This post is Grassroots, meaning a reader posted it directly. If you see an issue with it, contact an editor.
If you’d like to post a Grassroots post, click here!

0.1
December 7, 2021

How Can I Keep Myself from Eating Too Many Cupcakes in the Break Room?

Why is self-control more difficult at times?

Have you ever noticed how hard it is to study for a test or balance your budget when you’re dieting or starting a rigorous exercise program? Do you find yourself eating a lot of donuts in the break room when you tell yourself you don’t have time for lunch and you’ll just have a fast snack to tide you over. Only that fast snack is chips from the vending machine or a latte with a mountain of whipped cream on top?

As you work to make a deadline, racing against the clock, hunching over the computer, your hand and mouth have a life of their own—reaching into the bag of chips, happily crunching, getting crumbs and salt crystals all over your keyboard—until you suddenly discover all the chips are gone and you’d intended to eat only half the bag!

The ability to make decisions, take responsibility, and inhibit behavior requires volition or self-control.

Baumeister, Bratslavsky, Muraven, and Tice (1998) decided to investigate whether or not some form of energy or strength is needed to exercise self-control. 67 psychology students signed up for a study on taste perception (or so they thought). Participants were told to skip a meal before the experiment and not eat anything for at least three hours before. As they were waiting in the laboratory room, chocolate chip cookies were baking in a small oven. As the students smelled the delicious aroma of baking chocolate, two foods were placed on the table before them: a bowl of radishes and a stack of chocolate chip cookies and some chocolate candy.

The experimenter explained that chocolates and radishes had been selected for the taste perception study because the foods had highly distinctive tastes. Participants had already been placed into the “radish” group or the “chocolate” group. Students in the radish group were asked to eat two or three radishes and students in the chocolate group were asked to eat two or three cookies or a handful of the candy. They could only eat the food assigned to them.

Then participants were told to wait 15 minutes “to allow the sensory memory of the food to fade” and asked to work on a task, presented as if it were a task that was not related to eating radishes or cookies. The task asked students to trace a geometric figure without retracing any lines and without taking the pencil off the paper.
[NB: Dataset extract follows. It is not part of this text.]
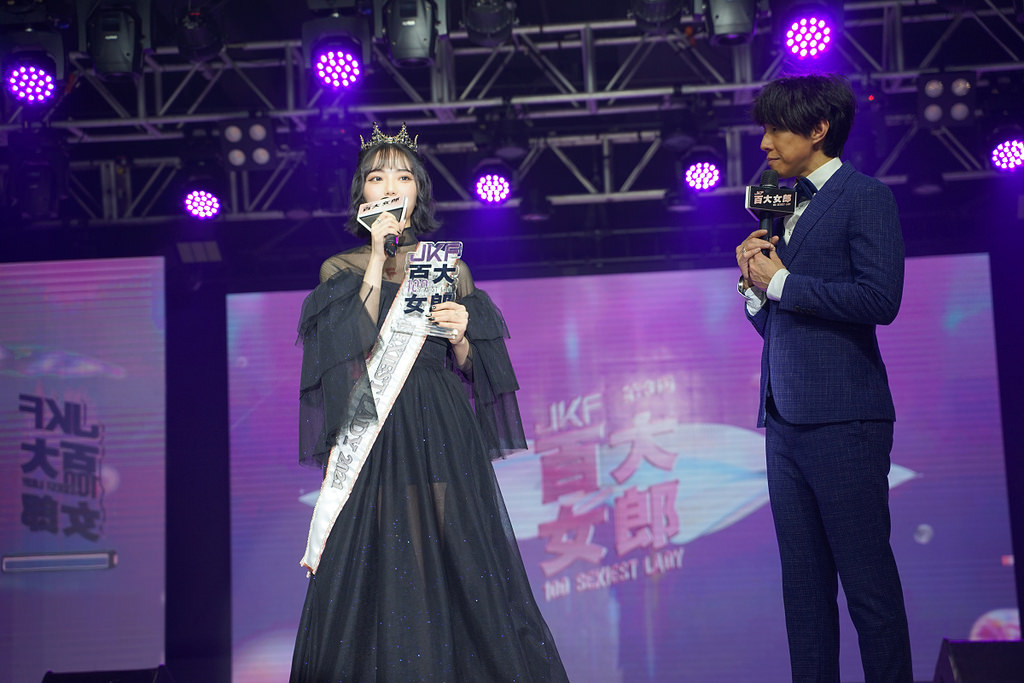 第三屆JKF百大女郎頒獎典禮全紀錄 呱吉上演老婆不要看 沈玉琳體驗H巨乳攻擊 第三屆JKF百大女郎頒獎典禮全紀錄 呱吉上演老婆不要看 沈玉琳體驗H巨乳攻擊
They were allowed to try this task over and over and they could stop before the puzzle was finished by ringing a bell on the table. The participants did not know that the test figures were IMPOSSIBLE to solve. A final questionnaire asked students how tired they felt after the tracing task.

The results showed that students who forced themselves to eat radishes instead of tempting chocolates were more tired than those who got to eat chocolate, and so they quit faster on the unsolvable puzzles than students who did not have to exert self-control. These results suggest that resisting temptation—wanting chocolate but eating radishes instead—seems to have depleted the participants’ energy because they gave up more easily on a frustrating task. So the ability to exercise self-control is limited.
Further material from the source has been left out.